Analysis for Communication: Communication for Challenge remains the same as ID-BPAP [25]. The total overhead of transmission is still smaller than Wang et al.s ID-PUIC if applied to the multiple clouds and multiple owners setting. Meanwhile, our improved scheme does not suffer from private key recovery as ID-BPAP.

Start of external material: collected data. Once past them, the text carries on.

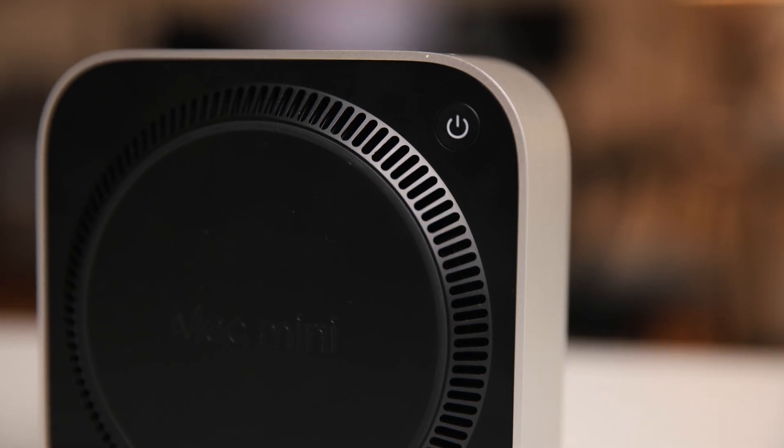The power button is also on the bottom in the corner. A lot of people are complaining about this because when it's sitting on a table you pretty much cannot reach it unless you have the skinniest fingers. However, that's not really a big issue because you shouldn't be using that button all that often anyway. There are already third-party accessories you can 3D print or buy to help press it. People are kind of blowing that out of proportion.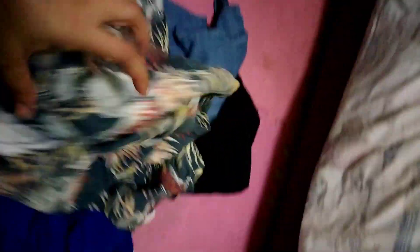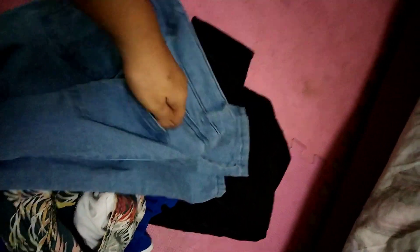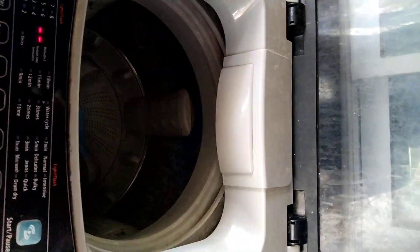Check the pockets of the shorts and jeans. After you're done checking, you can put it onto the washing machine.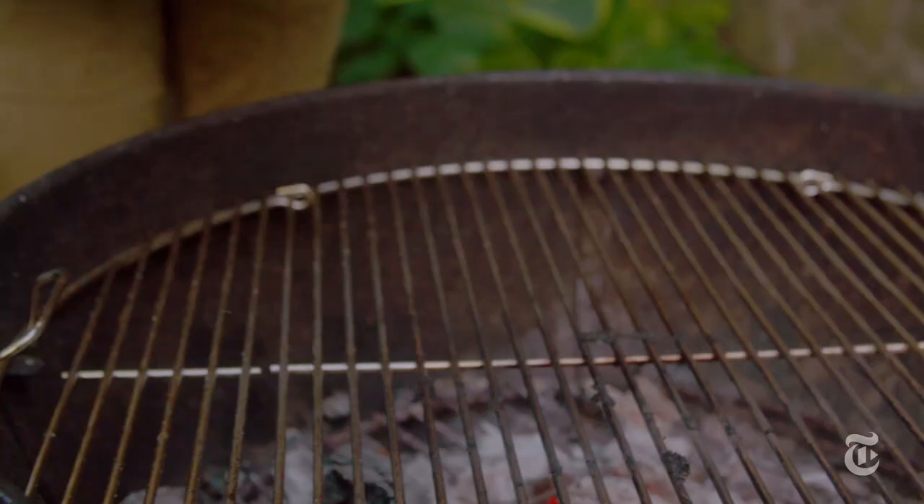Clams need more time than mussels to cook, so I started cooking the clams and then added the mussels later.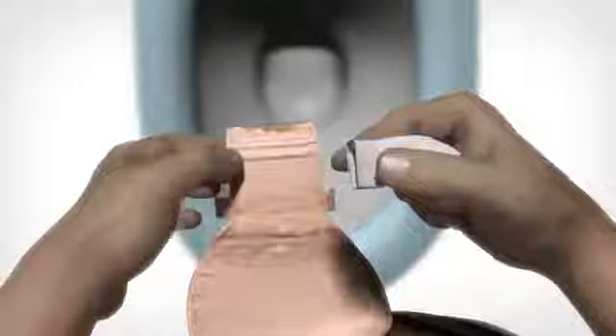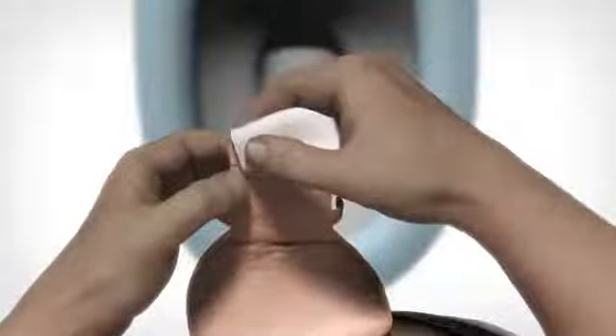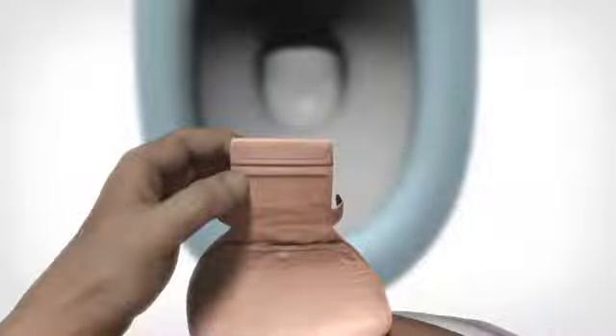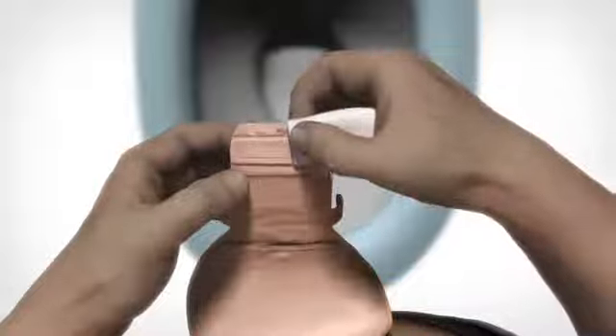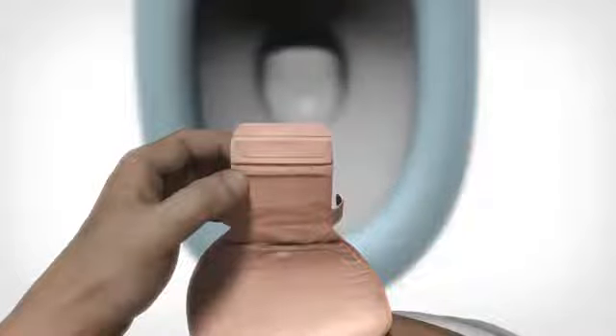When the bag is empty, clean the edge of the outlet. Fold the small plate back again and clean it in one sliding movement. The outlet is now clean and ready to be closed again.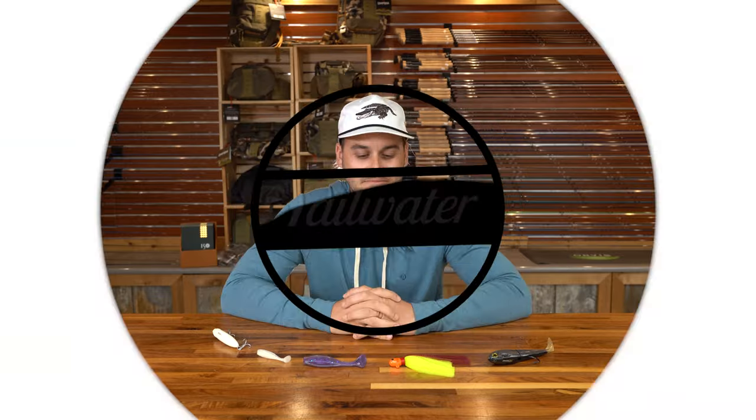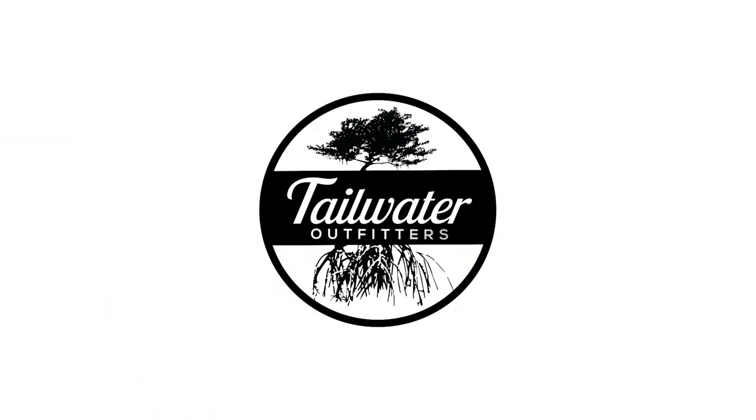Good evening, good afternoon, good morning. This is Branson with Tailwater Outfitters, and if you want to catch an absolute unit of a snook, you need these five baits. Today we are talking about probably the number one inshore species in Florida, and that is the snook. We have compiled with lots of scientific research the five best baits for snook fishing. Let's get into it.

Above all, the enhanced efficiency will become demonstrative if applied to huge data storage utilities like big data analysis. We will provide the analysis in detail upon extensive simulation in the full version of paper.

7 Conclusions

In this paper, we revisited an identity-based batch public auditing scheme with proxy processing (ID-BPAP) scheme designed by Yu et al. in [25], and demonstrated that any cloud server could generate valid data integrity proof without original data. Meanwhile, it is also feasible to recover Proxys private key and generate valid proxy tags for any modified data without Proxys awareness. Therefore, we propose our solution to repair the security flaws and thus enhance the security, at the expense of reasonable overheads while still enjoying better efficiency over Wang et al.’s scheme [22]. As a future work, we will keep on seeking to improve the efficiency of our proposed scheme of enhanced security and privacy, and evaluate it based on real-world multiple clouds storage system, with sound security for data integrity.